ARB Chairman, Dr. Robert Sawyer said, "September 1 is an important date for California because we now have the nation's cleanest diesel fuel. This new diesel fuel allows us to proceed with our plans to cut diesel emissions by 85 percent in 2020 and to meet Governor Schwarzenegger's goal of cutting air pollution by one-half."
The switch to Ultra Low Sulfur Diesel has been planned for the past year as federal and state governments, refiners, environmentalists and businesses prepare for the introduction of clean-burning diesel big rigs on January 1, 2007. Those new vehicles will meet the tightest emission standards ever set for heavy-duty trucks and buses and require very low sulfur fuel to operate properly. Without clean fuel those engines cannot use new emission control equipment such as particulate traps to control toxic particulate soot and catalysts that limit ozone-forming nitrogen oxide emissions, the most common pollutants emitted by diesels.
The new fuel also will allow the ARB to continue its diesel risk reduction plan (RRP), a set of regulations designed to cut the public health risks of diesel particulate by 85 percent in 2020. The risk reduction plan calls for slashes in diesel particulate from a number of pollution sources such as trucks and buses, farm and construction equipment as well as pumps and boilers.

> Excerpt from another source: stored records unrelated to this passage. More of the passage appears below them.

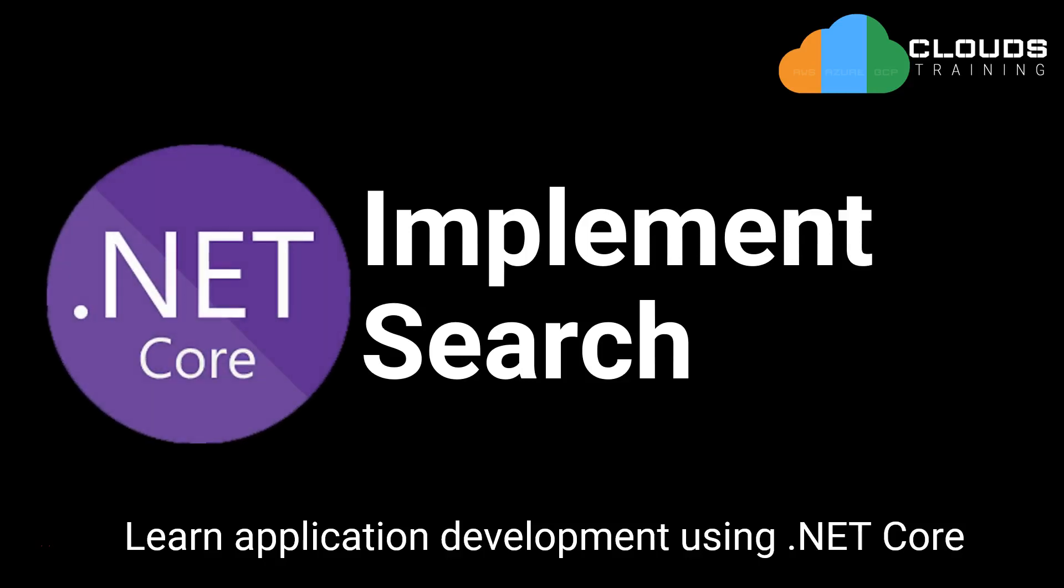Learn application development using .NET Core. In this topic, I am going to implement search functionality in ASP.NET MVC Core application.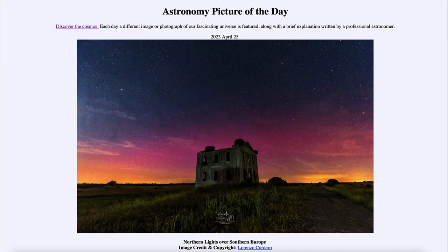Now as we come out of that minimum and head towards a maximum in a couple of years, the Sun is getting more and more active. We will see far more auroral displays visible to larger parts of the world, as more and more storms will deform Earth's magnetic field, making this type of display visible at even more southerly latitudes.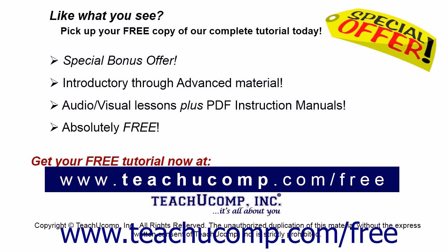Like what you see? Pick up your free copy of the complete tutorial at www.teachucomp.com.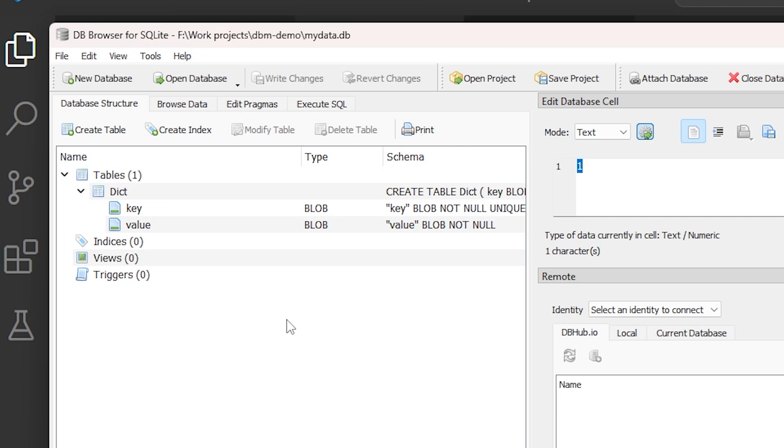It's often more convenient to use DBM and its dict-like interface to store these kinds of things than it would be to read in and write back out a JSON file, for instance.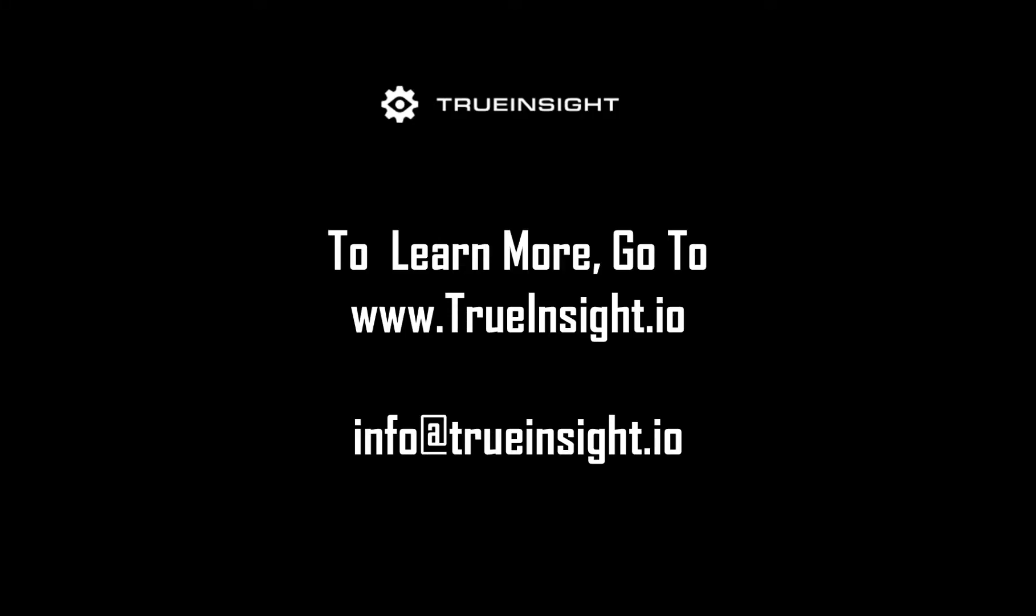With the ease of use and solving accuracy of Flightstream, engineers can improve their aerodynamic designs and solve even more efficiently. To learn more about Flightstream or other Altair products, go to www.trueinsight.io.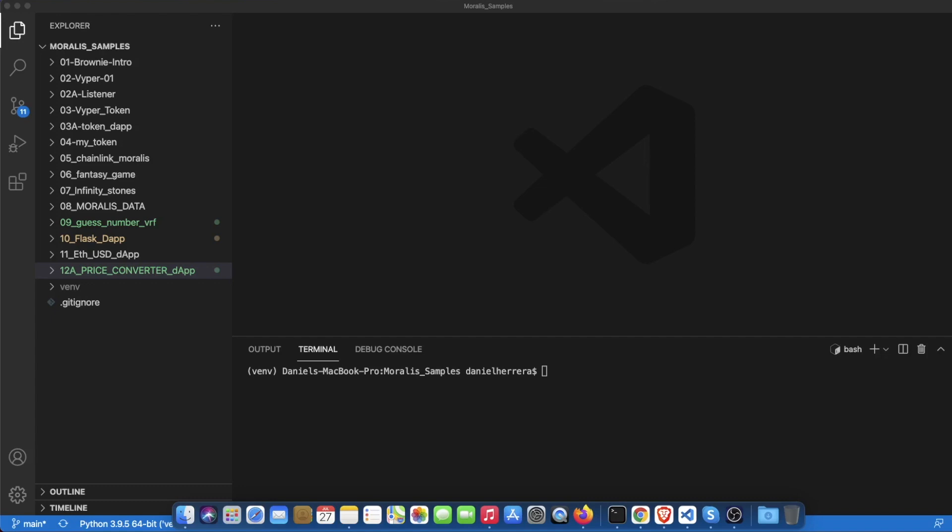Hello friends, today we are going to do something very interesting. We are going to interact with an external smart contract through an app, but what is special is that we are going to be interacting natively with the price coordinator of Chainlink.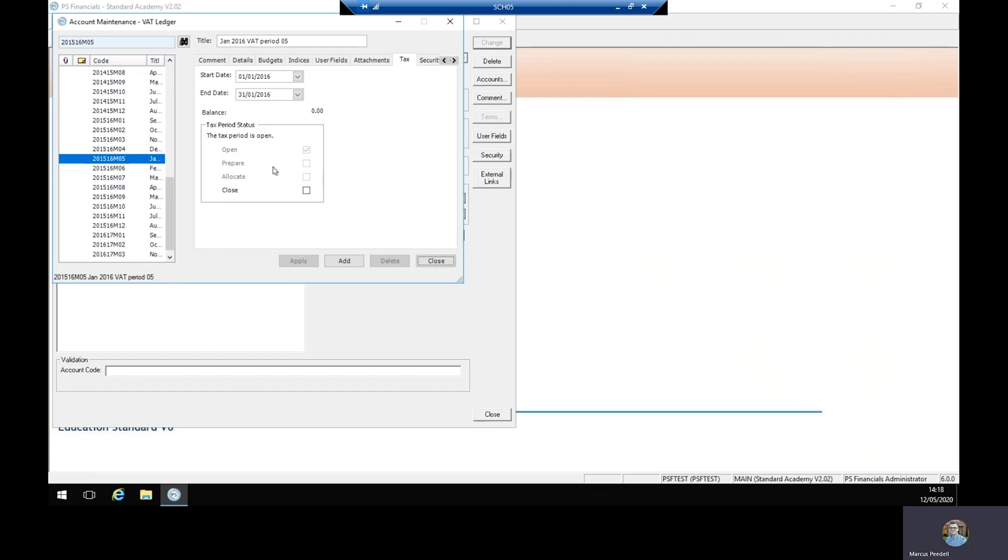To close that, simply select the close box and click apply, and that'll tell you that the tax period is closed.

Locomotives and harborcraft such as tugs must begin using ULSD by January 1, 2007.
The diesel RRP is closely tied to the recently released ARB Emission Reduction Plan for Ports and Goods Movement that seeks to cut deaths in California associated with efforts to transport goods in and out of the state by truck, train or ship. ARB scientists estimate that currently up to 2500 Californians die prematurely each year from exposure to diesel exhaust caused by goods movement. The emission reduction plan will cut the number of premature deaths to 800 despite a three-fold rise in goods movement activity by 2020.
Some California refiners have been producing some ULSD for several years. That limited amount of ULSD allowed the ARB to develop rules requiring school and transit buses, as well as garbage trucks, to use ULSD to better protect the health of children and Californians in urban areas, where these vehicles generally operate.